Nicholas J. Pieracacos

The Hugoton Embayment of southwestern Kansas is a large, shelf-like extension of the Anadarko Basin of Oklahoma. Shallow-shelf carbonates of the giant Hugoton-Panhandle gas trend form the largest gas producing field in North America. The Council Grove Group is a major reservoir within this trend.

Lithologies identified in core include siltstones, dolostones, mud stones, wackestones, and packstones that are developed in somewhat variable repetitive sequences of shallow subtidal shelf to peritidal sabkha depositional environments. A shallowing-upward cycle generally consists of thin transgressive marine limestones overlain by thicker progradational and aggradational subtidal-supratidal limestones, which is succeeded by nearshore siltstones and paleosols.

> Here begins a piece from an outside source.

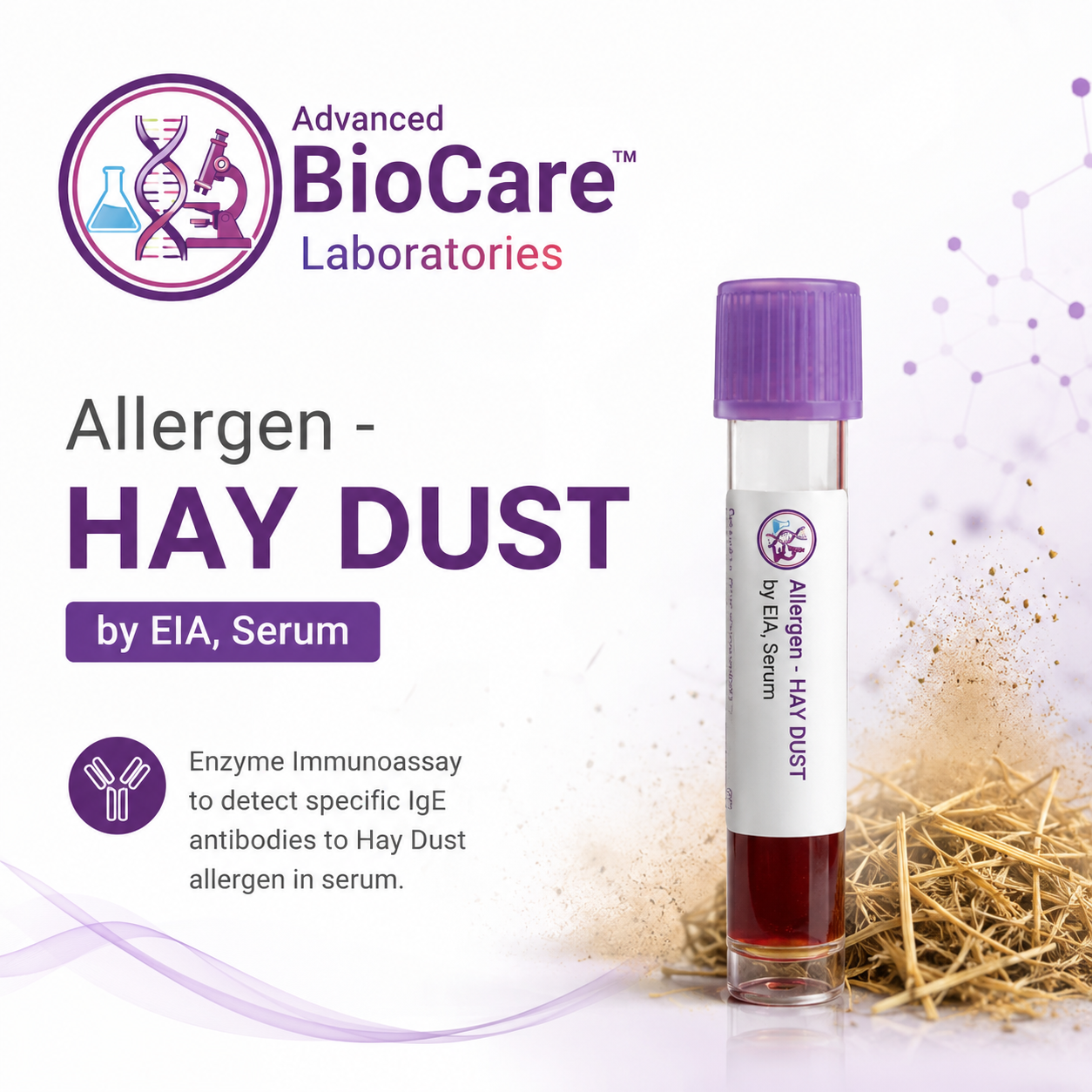 Allergen - HAY DUST by EIA, Serum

Petrographic analysis of carbonates from several wells indicates a complex diagenetic pattern, characterized by numerous stages of diagenetic modification and alteration. Most original textures have been destroyed, obliterated, or masked by regional diagenetic processes, which have severely altered the original fabric of most reservoir quality carbonates within the Council Grove Group. Precipitation of evaporites (anhydrite), silicification, dolomitization, secondary calcite cementation, and stylolitization have extensively altered the original depositional fabric.

Diagenetic environments recognized include marine phreatic, freshwater phreatic, mixing zone, and deep burial. Porosity types include: 1) major amounts of late stage dissolution porosity, 2) intercrystalline porosity related to dolomitization, 3) interparticle and intraparticle porosity, and 4) microporosity associated with silicification and dolomitization. Diagenetic modifications appear to be facies selective and are manifested in varying degrees throughout the Council Grove Group. Reservoir quality appears best in the subtidal-supratidal depositional environments which are characterized by wackestones and packstones.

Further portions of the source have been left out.